The potential inherent danger in following them is that one may start to believe in their incoherent beliefs and inconsistent metaphysical theories. Thus, following ancient philosophers could result in one being perceived as a fool in the eyes of the more intelligent/those who understand more.
Averroes (pp. 78-82)
What is an allegorical interpretation? Under what conditions is an allegorical interpretation either more or less appropriate? (100 words2 pts.)
An allegorical interpretation is a metaphysical interpretation of an event or scripture.
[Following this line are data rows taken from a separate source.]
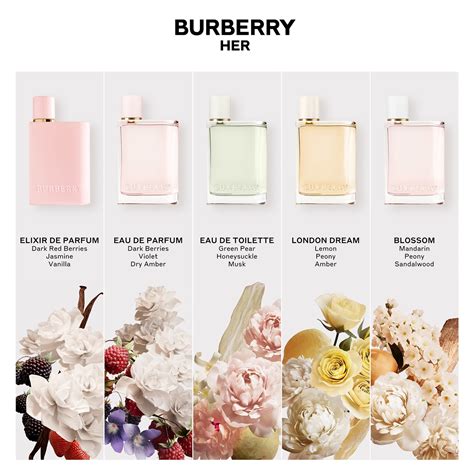 burberry her elixir fragrantica|burberry her elixir travel size.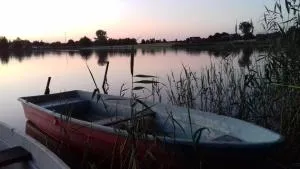 Bungalow am See - Neetzka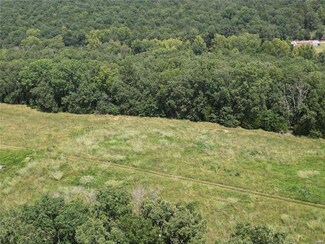 2 Lot Tanglefoot Farms Rd, Festus, MO 63028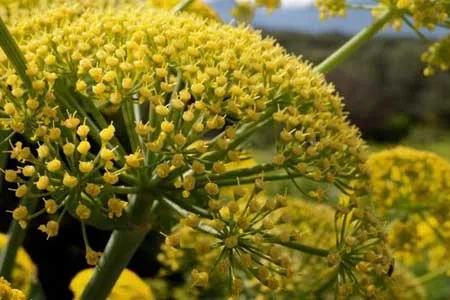 اگر زود عصبی می شوید این گیاه را فراموش نکنید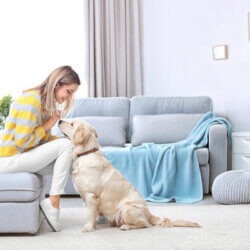 Furnace Maintenance for Pet Owners: Keep Your System Fur-Free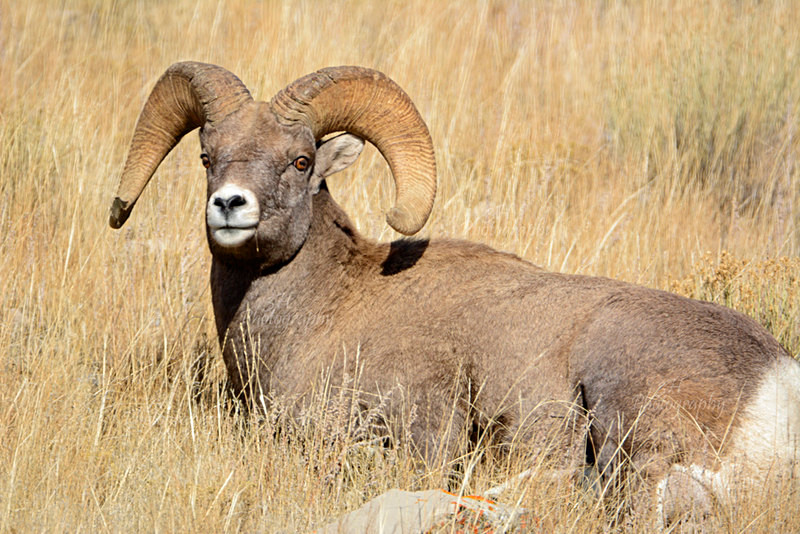 Fall Refuge Ram - Big Horn Sheep & Mountain Goats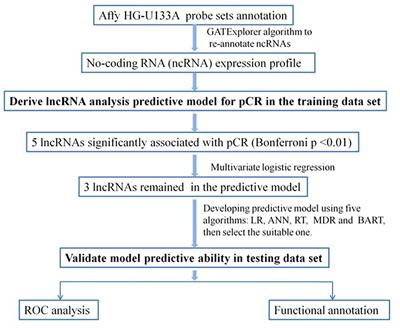 LncRNA Profile Study Reveals a Three-LncRNA Signature Associated With the Pathological Complete Response Following Neoadjuvant Chemotherapy in Breast Cancer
Averroes notes that this should be done without violating the standard metaphorical practices of Arabic. An allegorical interpretation is more appropriate when an observation stands in conflict with what the scriptures say about that being or understanding. Averroes also notes that there are contradictions in scripture to meet the varying intellectual levels of humanity. Muslims and Christian believers accept the principle or idea of allegorical interpretation but disagree on which should or should not be interpreted.
Augustine (pp. 83-92)
According to Augustine, all natures (meaning everything) are good simply because they exist. So what is evil? Do you think Augustine is right? Why or why not? (150 words3 pts.)
For Augustine, the answer to what is evil? is that evil is the act of turning away from God. As Augustine put it, the defection from that which supremely is, to that which has less being this is to begin to have an evil will. I think that Augustine is partially correct in how he believes evil exists in nature. I argue that everyone starts out their lives similarly in regards to the very nature of their character but there is some process that influences one to turn to evil. However, I believe that happens regardless of God or a belief in God. I believe those influences have to do with culture, societal norms, human nature and the like. Instead of evil being a defection from God, I believe it is a defection from a genuine belief in goodness.
Thomas attempts to prove the existence of God in five ways. List his five proofs. Then explain, in your own view, whether any one of these five arguments successfully proves that God exists. (150 words; 3 points)
The first proof is that things in motion were put into motion by something else. Therefore, there must have been a first mover to put the first thing into motion.
The second proof states the nature of efficient causation. Similar to the first proof, there must have be a first cause that caused everything else.
The third proof is that something had to have existed out of its own necessity and have caused other necessities for beings and things so things could exist.
The forth proof is that there are things that are more good and things that are less good. There must be an ultimate good that others are derived from.
The fifth proof is that there must be an ultimate being that directs all thing to their end, goal, or purpose.
In my own view, I do not think that any of these proofs prove that there is an existence of God. I think that we, rational human beings, put ourselves in motion. While there can be speculation, I find myself putting trust in what I can undoubtedly know. That is, that my parents put me into motion and caused my existence. Everything else before that is a chain, in my view. My grandparents conceived my parents and so on and so forth. Whether or not all that stems from a God is something that I am not sure I will ever know.